Course Goals Provide basic knowledge and deepen understanding of heat transfer phenomena (heat conduction, convective heat transfer, thermal radiation).
Schedule and Contents (1)
General information: Based on multiple examples of energy conversion requiring heating, cooling, and insulation techniques, and temperature control of equipment, explain the importance of heat transfer engineering and the basic mechanisms of heat transfer phenomena.
(2-4)
Heat conduction: Explain the basics of heat conduction phenomena, specifically heat flux, thermal conductivity and Fourier’s law, and the derivation of the equation of heat conduction, with reference to basic case examples. Explain thermal contact resistance, steady heat conduction, and heat conduction resistance in flat plates, pipes, etc., the theory of extended surfaces (fins), and so on.
(5)
Basic information on convective heat transfer: Formularize the governing equations of flow in heat transfer. Explain dimensionless numbers such as Prandtl number, Nusselt number, Stanton number, Grashof number, and Rayleigh number. Derive the momentum and energy equations for the boundary layer flow and heat transfer.
(6-9)
Convective heat transfer without phase change: Explain specific examples of forced convective heat transfer, as well as general information.
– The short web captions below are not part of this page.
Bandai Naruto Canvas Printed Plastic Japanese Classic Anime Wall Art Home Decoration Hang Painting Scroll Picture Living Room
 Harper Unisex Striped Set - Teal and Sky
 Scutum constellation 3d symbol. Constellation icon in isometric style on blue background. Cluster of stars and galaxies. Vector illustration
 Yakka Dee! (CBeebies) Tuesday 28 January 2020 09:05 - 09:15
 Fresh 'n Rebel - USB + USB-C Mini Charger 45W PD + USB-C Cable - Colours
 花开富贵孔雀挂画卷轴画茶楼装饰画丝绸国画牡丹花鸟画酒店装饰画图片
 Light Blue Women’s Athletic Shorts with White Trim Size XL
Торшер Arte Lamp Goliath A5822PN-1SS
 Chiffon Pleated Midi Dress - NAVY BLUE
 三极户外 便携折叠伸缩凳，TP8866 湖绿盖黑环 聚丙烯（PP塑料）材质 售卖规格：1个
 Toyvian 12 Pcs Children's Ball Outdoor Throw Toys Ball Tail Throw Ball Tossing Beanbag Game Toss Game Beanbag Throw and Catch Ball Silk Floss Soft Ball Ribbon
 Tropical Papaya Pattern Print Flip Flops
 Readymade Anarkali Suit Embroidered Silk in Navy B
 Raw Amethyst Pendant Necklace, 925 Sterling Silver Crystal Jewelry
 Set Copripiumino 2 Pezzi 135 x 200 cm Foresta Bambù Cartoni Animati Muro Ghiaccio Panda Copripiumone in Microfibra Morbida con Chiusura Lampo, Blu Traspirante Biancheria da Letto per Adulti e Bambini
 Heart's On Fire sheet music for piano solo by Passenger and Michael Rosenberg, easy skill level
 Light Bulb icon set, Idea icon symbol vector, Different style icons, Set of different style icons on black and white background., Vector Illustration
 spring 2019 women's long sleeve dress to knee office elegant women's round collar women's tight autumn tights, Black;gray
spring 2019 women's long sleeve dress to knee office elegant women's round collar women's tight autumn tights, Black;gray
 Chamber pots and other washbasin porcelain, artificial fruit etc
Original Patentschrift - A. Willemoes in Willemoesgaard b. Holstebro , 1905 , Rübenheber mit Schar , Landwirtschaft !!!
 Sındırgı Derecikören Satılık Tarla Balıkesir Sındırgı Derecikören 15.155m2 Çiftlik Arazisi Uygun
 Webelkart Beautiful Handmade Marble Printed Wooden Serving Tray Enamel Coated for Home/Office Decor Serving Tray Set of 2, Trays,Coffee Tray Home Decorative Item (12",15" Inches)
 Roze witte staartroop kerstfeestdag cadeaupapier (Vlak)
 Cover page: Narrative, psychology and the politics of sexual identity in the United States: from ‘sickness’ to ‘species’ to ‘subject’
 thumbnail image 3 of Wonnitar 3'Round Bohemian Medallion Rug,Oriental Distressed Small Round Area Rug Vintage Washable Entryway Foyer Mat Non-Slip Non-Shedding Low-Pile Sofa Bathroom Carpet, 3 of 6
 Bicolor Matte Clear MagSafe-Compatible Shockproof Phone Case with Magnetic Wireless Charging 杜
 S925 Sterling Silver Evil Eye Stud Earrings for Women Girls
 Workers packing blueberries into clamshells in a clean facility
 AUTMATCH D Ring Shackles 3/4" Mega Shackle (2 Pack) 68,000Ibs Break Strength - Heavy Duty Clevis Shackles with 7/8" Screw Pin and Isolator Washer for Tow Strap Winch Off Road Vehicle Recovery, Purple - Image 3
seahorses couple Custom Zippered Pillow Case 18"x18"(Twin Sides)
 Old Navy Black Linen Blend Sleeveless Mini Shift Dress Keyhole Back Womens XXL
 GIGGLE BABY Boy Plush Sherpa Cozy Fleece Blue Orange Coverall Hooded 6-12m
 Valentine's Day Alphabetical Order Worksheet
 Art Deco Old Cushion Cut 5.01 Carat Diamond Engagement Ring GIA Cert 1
As examples of external flow heat transfer, explain laminar and turbulent boundary layer flow over a flat plate accompanying heat transfer. Also, as an example of internal flow heat transfer, explain heat transfer of flows within tubes. Also, explain natural convection along a vertical heated plate.
(10, 11)
Convective heat transfer accompanying phase changes: With respect to boiling heat transfer, explain the boiling curve in pool boiling and nucleate boiling, transition boiling, film boiling heat transfer mechanisms, and the effects of various factors that affect nucleate boiling heat transfer and methods to enhance heat transfer. With respect to condensation heat transfer, explain the difference between dropwise condensation and film condensation, phenomena in condensation interfaces, and the Nusselt solution in vertical plate film condensation.
(12-14)
Radiation heat transfer: Discuss black bodies and gray bodies, Kirchhoff’s law, Planck’s law, and Wien’s displacement law, Stefan-Boltzmann’s law, radiation transfer between black body surfaces and radiation in actual surfaces, and the properties of radiation in gases.
(15)
Confirmation of learning attainment.
Grading Policy A final examination will be held. In-class quizzes and reports, when carried out, will be factored in.
Prerequisites Students are required to have completed Thermodynamics 1, Thermodynamics 2, Fluid Dynamics 1, and Fluid Dynamics 2.
Preparation and Review Students are required to have completed Thermodynamics 1, Thermodynamics 2, Fluid Dynamics 1, and Fluid Dynamics 2.